TASK GOAL » For this exercise, restate every line below word for word and drop the images.

DATA PROVIDED »
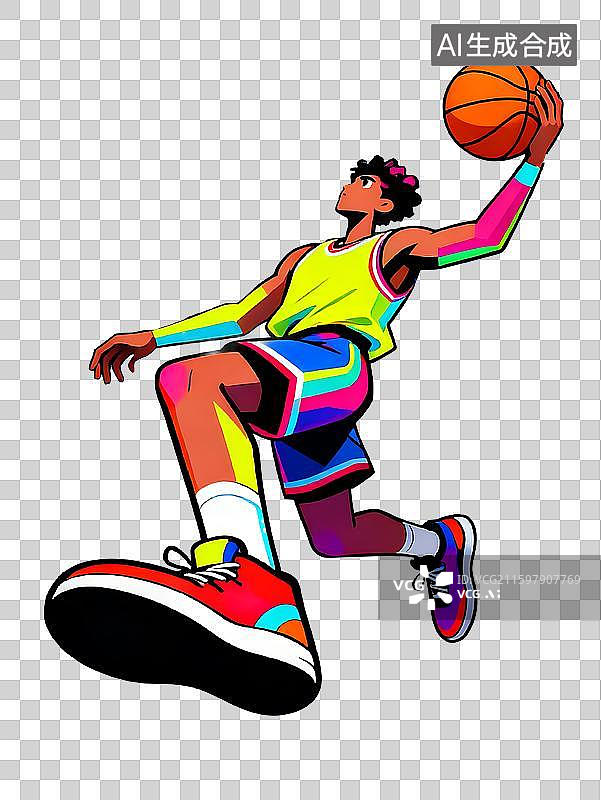 【AI数字艺术】打篮球的运动员扁平风潮流插画免抠元素图片素材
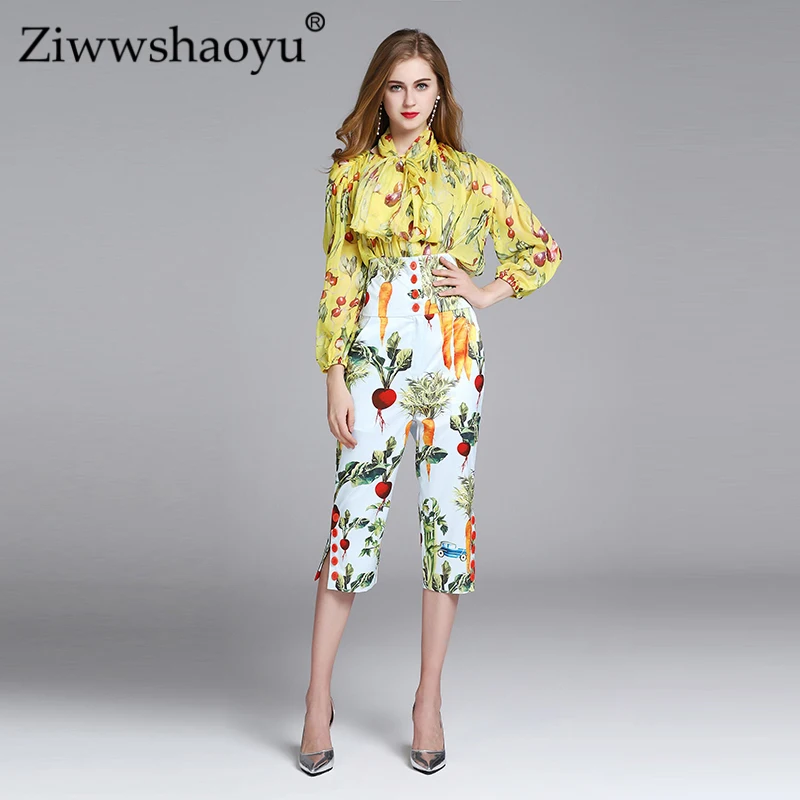 

Ziwwshaoyu Elegant Print Sets O-Neck Puff Sleeve Chiffon Top + High waist Calf-Length Pants Set Spring and summer new women's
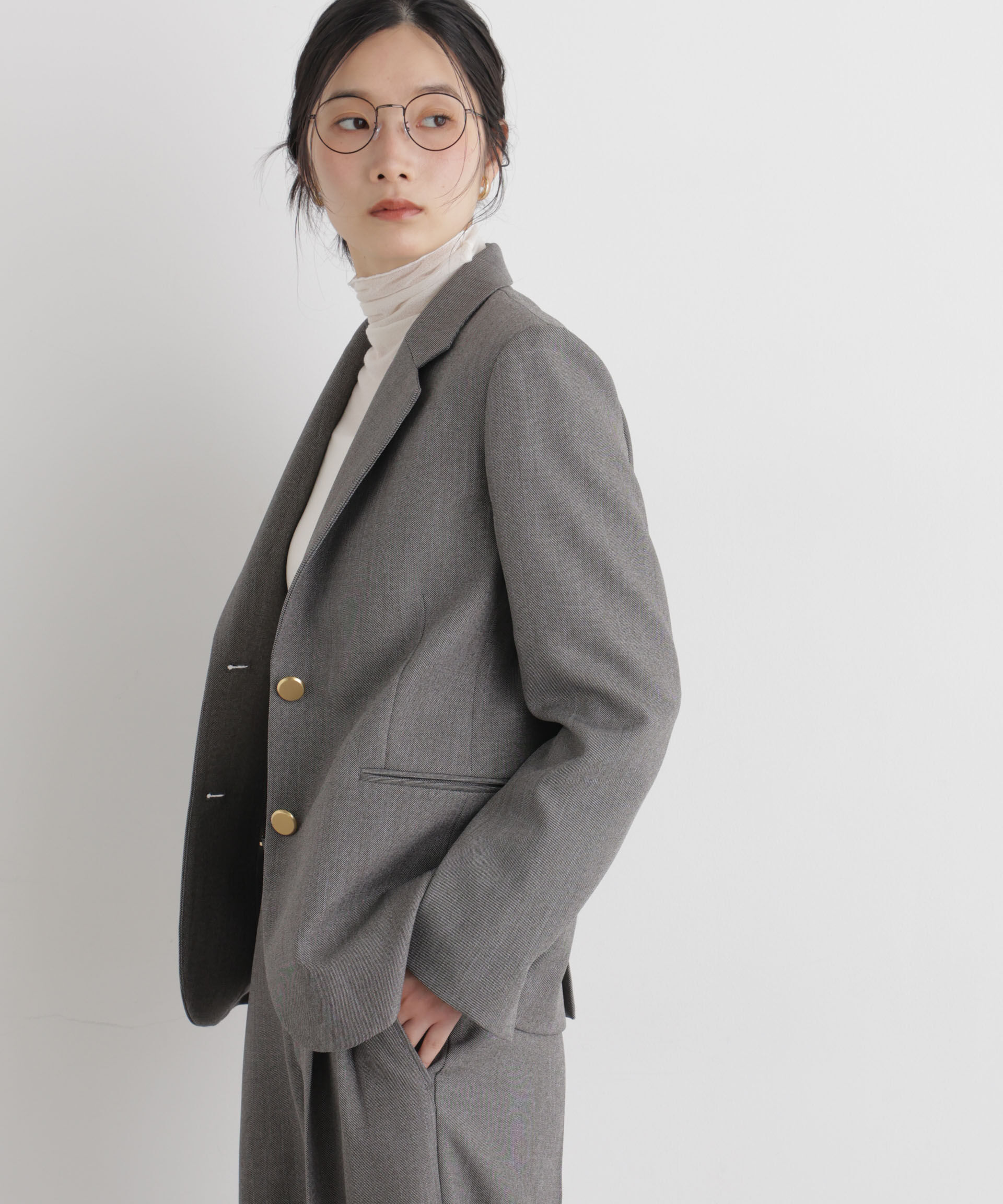シャンブレーシャークスキンシングル金釦ジャケット(セットアップ可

RESPONSE TO THE TASK »
 【AI数字艺术】打篮球的运动员扁平风潮流插画免抠元素图片素材

Ziwwshaoyu Elegant Print Sets O-Neck Puff Sleeve Chiffon Top + High waist Calf-Length Pants Set Spring and summer new women's
シャンブレーシャークスキンシングル金釦ジャケット(セットアップ可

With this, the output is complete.